Sumptuous and fairy-tale Palazzo Borromeo was built on Isola Bella (Bella Island) over the centuries. The marvellous outdoor Italian gardens and succession of richly furnished rooms inside make it an irresistible tourist attraction.
Works were started by Carlo III Borromeo (1632) who entrusted them to Milanese engineer Angelo Crivelli, who was assisted by other artists such as Pietro Antonio Barca and Francesco Maria Ricchino. Works at the site stopped towards the middle of the century due to the plague epidemic raging through the dukedom of Milan. Works were only enthusiastically resumed towards the last decades of the 17th century thanks to Carlo’s son, Vitaliano VI.
In reality, the Palazzo was really only finished right after the war when Vitaliano X (1892-1982) had the north façade and the large harbour at the upper end of the island completed, and especially because he terminated construction on the great hall based on the designs and large wood model created in 1871.
The aspect the island was intended to have - a vessel on the waters of the lake - was pursued and completed despite the lengthy works. Indeed, the overall complex on Isola Bella (including the Palazzo and the charming Italian gardens) is elegant and harmonious.
The Palazzo was built on the north-west point of the island and is characterised by a majestic façade some 80 metres long, in the middle of which is the Salone d’onore (Hall of Honour). It develops as a curvilinear projection two floors high. The structure then extends towards the middle of the island perpendicularly to this portion, the whole thus taking the shape of a T.
All the main halls are on the first of the four floors making up the building, and unwind about the Great Hall, whose dome-shaped roof and decorations were only completed (based on the original project) between 1948-1959.

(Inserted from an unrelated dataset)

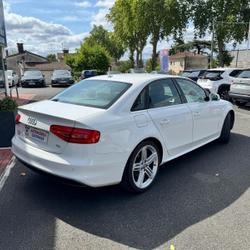 Audi A4 A4 2.0 TDI 150 DPF S Line Castres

The noble floor - an area dedicated to receiving and representation - is the location of the neoclassical dance hall, also known as the Sala delle Colonne (Hall of Columns) or Sala della Musica (Hall of Music), which owes its name to the valuable music instruments displayed, and to the Sala delle Medaglie (Hall of Medals), where 10 gilded wooden medals are kept representing the most important events in the life of San Carlo Borromeo. Also on this floor is the Galleria degli Arazzi (Gallery of Tapestries), which contains six valuable 16th-century Flemish tapestries. Its barrel vault is decorated with gold ceiling roses against a white background. In past times there was also a theatre (later destroyed) to entertain owners and guests, where comedies and dramas were performed.
Lastly, the artificial grottos (access to which is through a 17th-century helicoidal stairway) are very interesting as they evoke marine environments. One of the rooms has the prehistoric dugout canoe found in Angera at the end of the 19th century.